I have seen this photo already somewhere. Wasn't there a certain amount of debate about whether the rim and the tyre were actually meant to be tubeless in the first place???
well yes. At the time I think those tyres were (perhaps wrongly) being sold as tubeless compatible, and it seemingly wasn't understood that the hooked bead would do anything useful in the way of tyre retention; not consistently, anyway.
In fact I am still not sure that it
is widely understood; there are still folk suggesting that if you overpressure a tyre to test it, and it doesn't blow off the rim, that it is 'safe', and DT's recommendations (which I linked to upthread) appear to give tubeless tyres considerable benefit (in terms of pressure rating) when fitted to hook bead rims.
Now if the tyre always seals between the tyre lip and the rim well, maybe this is OK, and maybe this is what usually happens when you mount a new tyre on a new rim etc. But there is no evidence to suggest that this always happens in a real-world situation: All it needs is for the leak rate between the tyre lip and the rim well to be in excess of the leak rate between the rim lip and the tyre higher up, and the tyre bead isn't being pushed into the rim hook any more and the 'benefit' of a hook bead will be about zero.
This comparatively simple observation probably explains some of the 'mysterious' tubeless blowouts, even when the tyre initially 'passed' an overpressure test. In the meantime I take advice from all quarters (including from many manufacturers) concerning tubeless tyre pressures with a king-sized pinch of salt. If you default to the tyre pressures specified for hookless rims (whether your rims are hookless or not) and given a whole list of other 'ifs' concerning the quality of tyre/rim fit etc, then you may be reasonably safe. Otherwise... do you feel lucky...?
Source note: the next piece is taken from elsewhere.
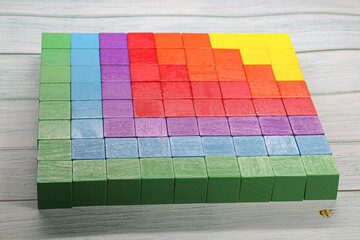 colored cubes fill the space with a sequence of colors
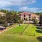 a large building with a lawn and trees in front of it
BTW to clear up a misunderstanding; when I helped my chum with a problematic tubeless fitment a while back, I only did so because I could see he was struggling and he was grateful for any help, even if it was just pumping the bottle up again (and again). I still don't know quite
how he found it within him to persist in trying to fit a tyre to a rim when the fit was clearly looser than it should have been (I'd probably have thrown the lot back in the face of the supplier, along with some terse angle-saxon phraseology), but I do know
why; he is a professional bike mechanic and he had a customer due in before too much longer. To my surprise he prevailed and the customer wasn't disappointed. He was (quite rightly) completely pissed off with the quality of the parts and lost money on that job; it should take a few minutes, not over an hour even two-handed. I don't know exactly how commonplace such occurrences are but there were dark mutterings of the kind that usually precede refusal to work on similar equipment subsequently (eg "if they are daft enough to want to use that crap then they can ****in' well do it themselves"). We shall see.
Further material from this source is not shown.